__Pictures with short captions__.
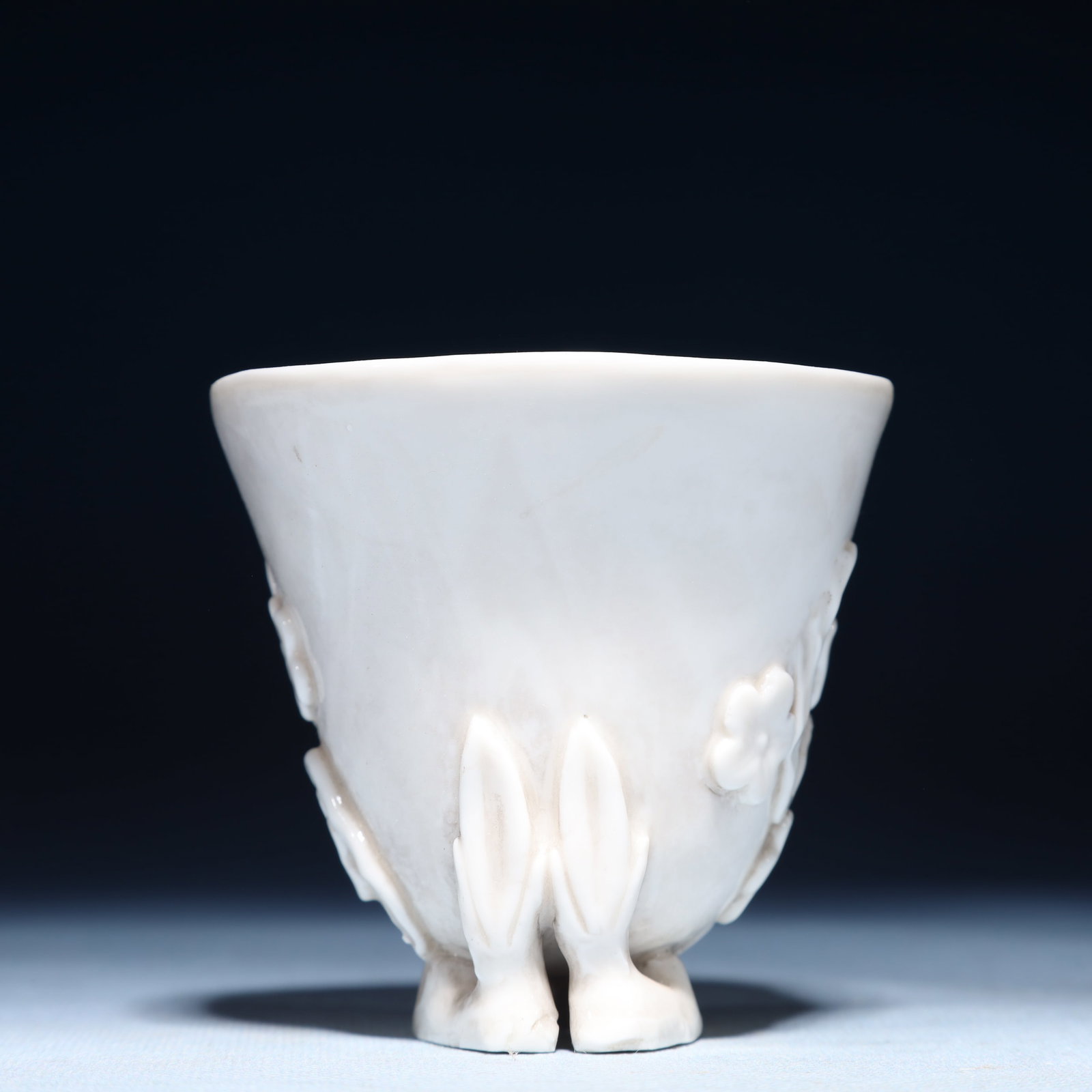 An Exquisite Blance-De-Chine Flower Pattern Cup - 3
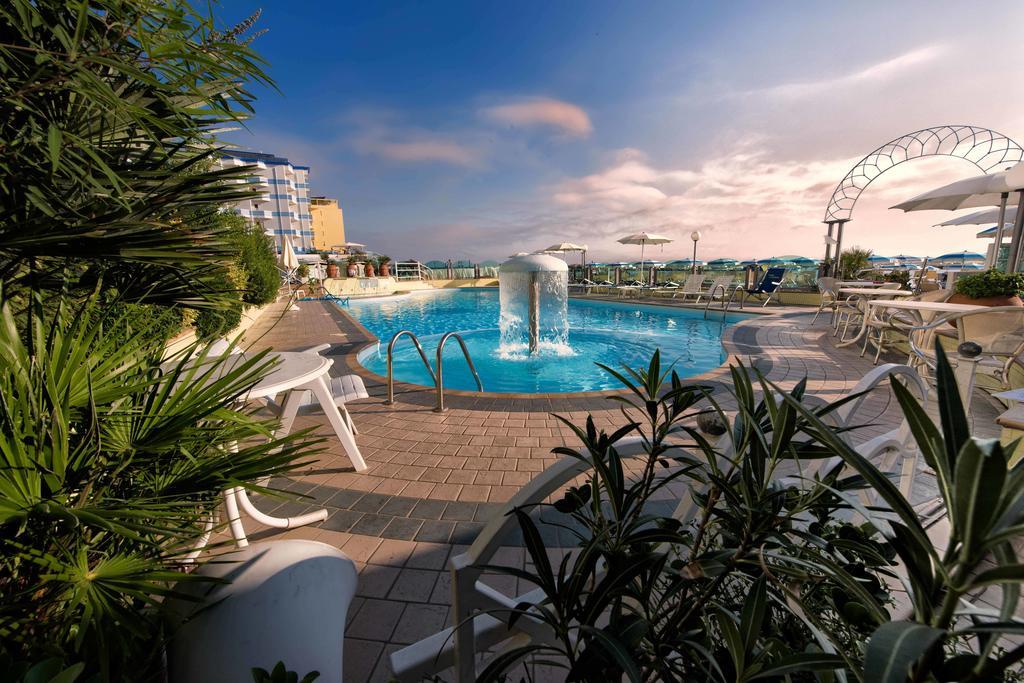 Strand Hotel Colorado Lido Di Savio Ngoại thất bức ảnh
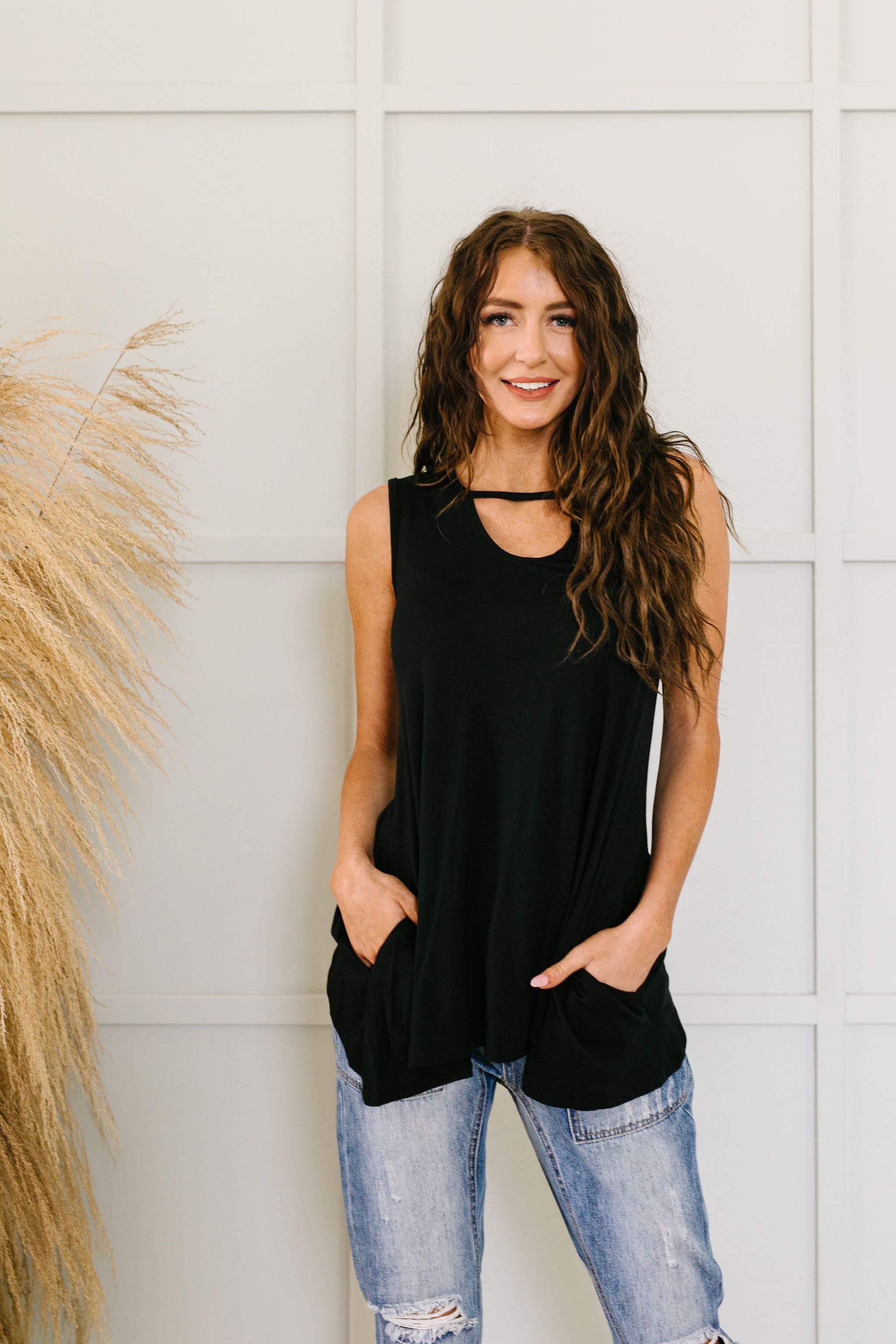 Keyhole & Pockets Tank In Black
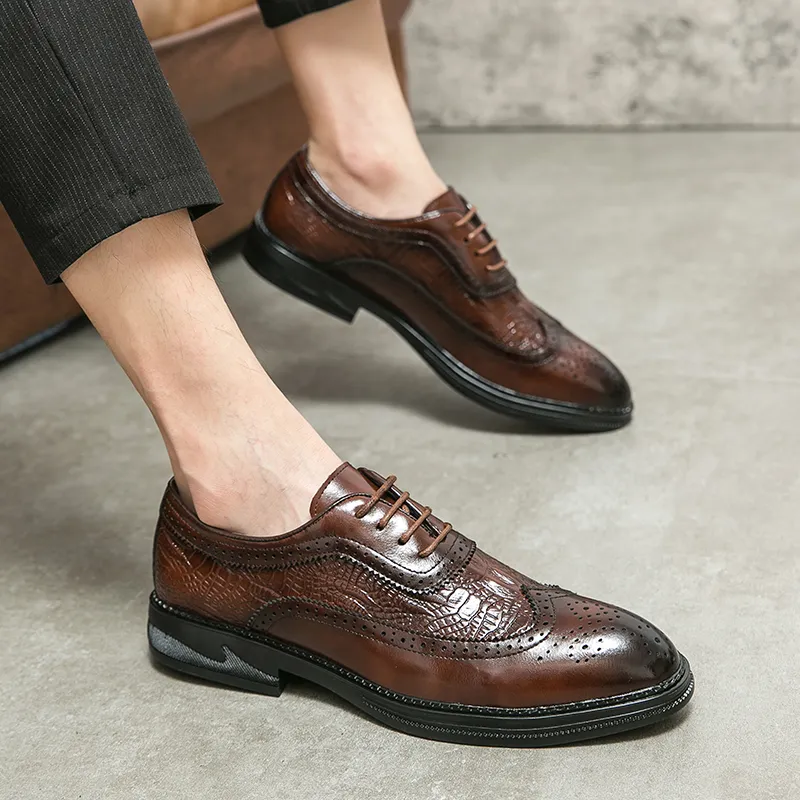 Premium Mens Brogue Dress Shoes - Genuine Leather Wingtip  display picture 2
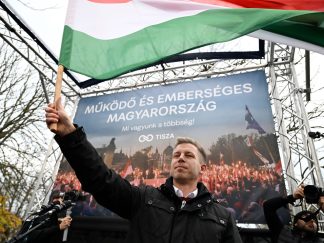 Peter Mađar na predizbornom skupu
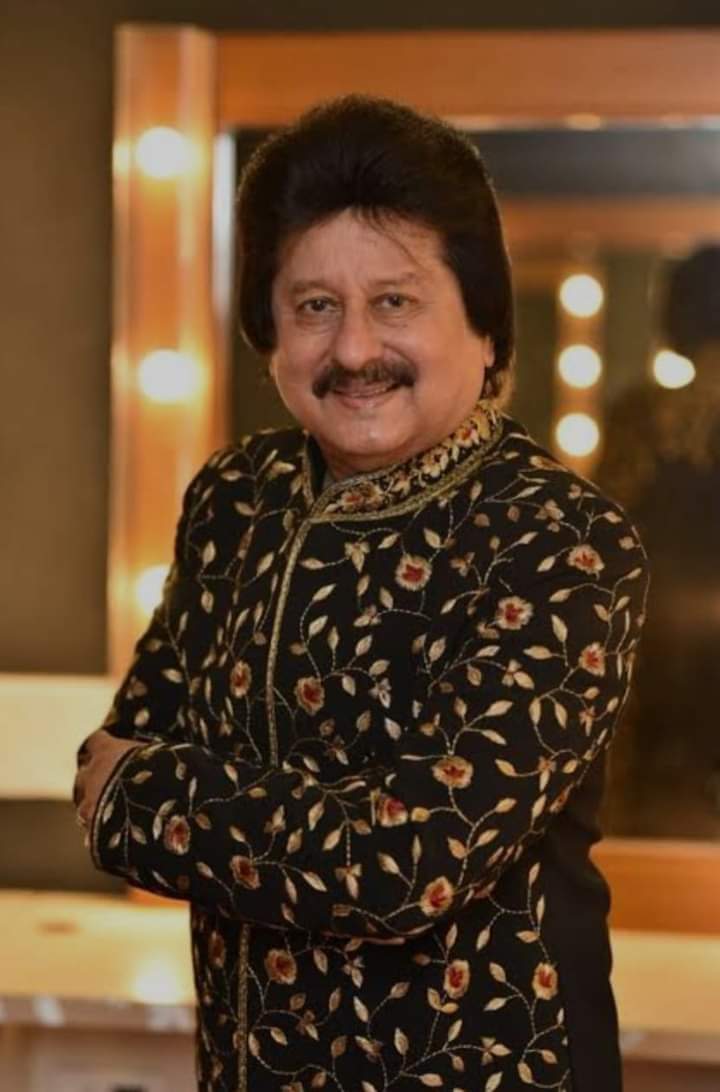 MoushumiChatte6's tweet image. Very sad To Hear About the Demise Of Shree Pankaj Udhas. He Had a Very Charismatic Voice And A Lot Of Soul In His Style Of Singing. Had Met Him Ages Ago Just Once. May God Give His Family The Strength To Cope With This Loss. RIP Pankaj Udhas. Om Shanti.🙏 #PankajUdhas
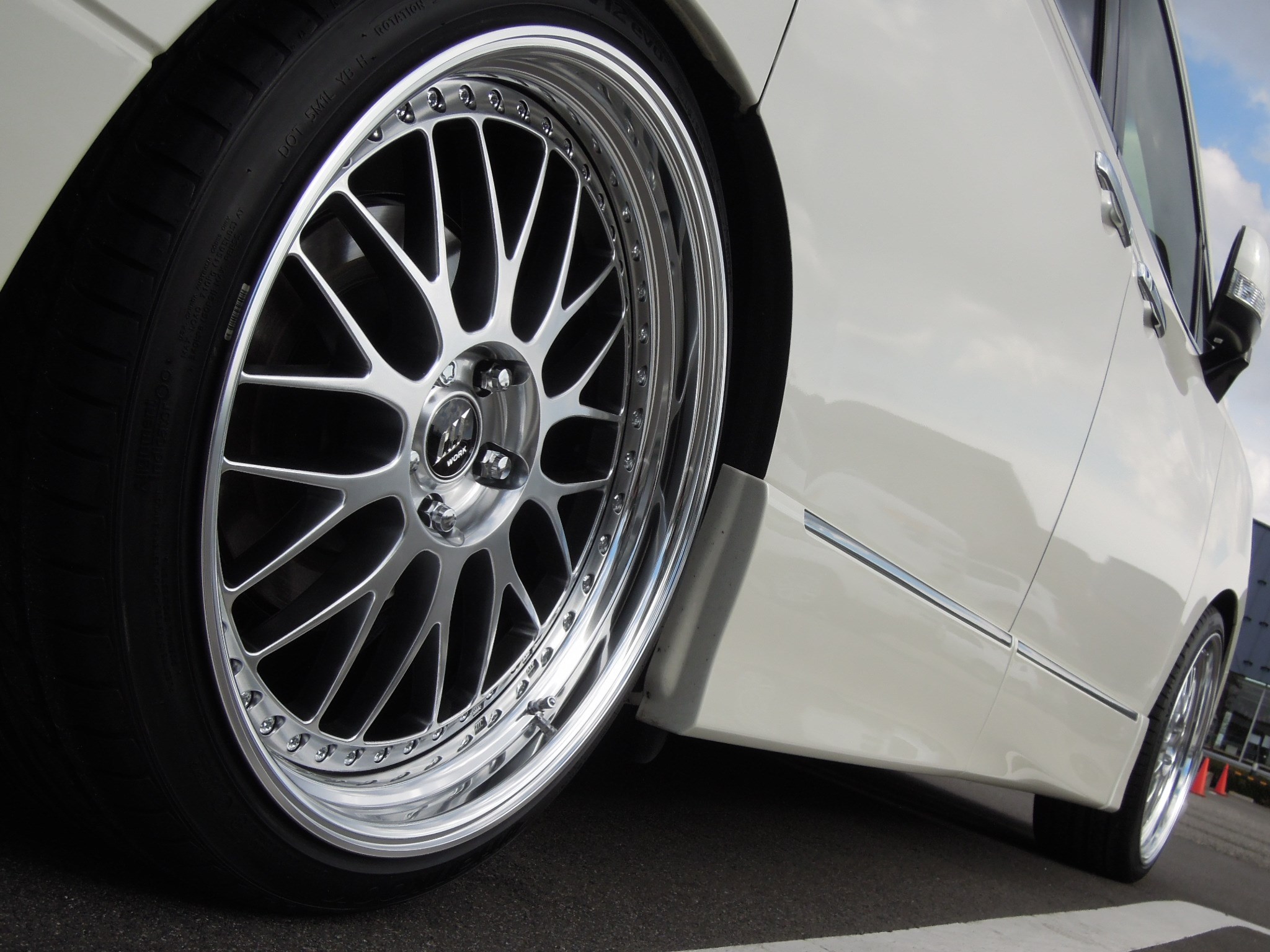 E52エルグランド 純正ホイール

__What needs to be done__.
Repeat every record above exactly. Omit the pictures.

__Result__.
 An Exquisite Blance-De-Chine Flower Pattern Cup - 3
 Strand Hotel Colorado Lido Di Savio Ngoại thất bức ảnh
 Keyhole & Pockets Tank In Black
 Premium Mens Brogue Dress Shoes - Genuine Leather Wingtip  display picture 2
 Peter Mađar na predizbornom skupu
 MoushumiChatte6's tweet image. Very sad To Hear About the Demise Of Shree Pankaj Udhas. He Had a Very Charismatic Voice And A Lot Of Soul In His Style Of Singing. Had Met Him Ages Ago Just Once. May God Give His Family The Strength To Cope With This Loss. RIP Pankaj Udhas. Om Shanti.🙏 #PankajUdhas
 E52エルグランド 純正ホイール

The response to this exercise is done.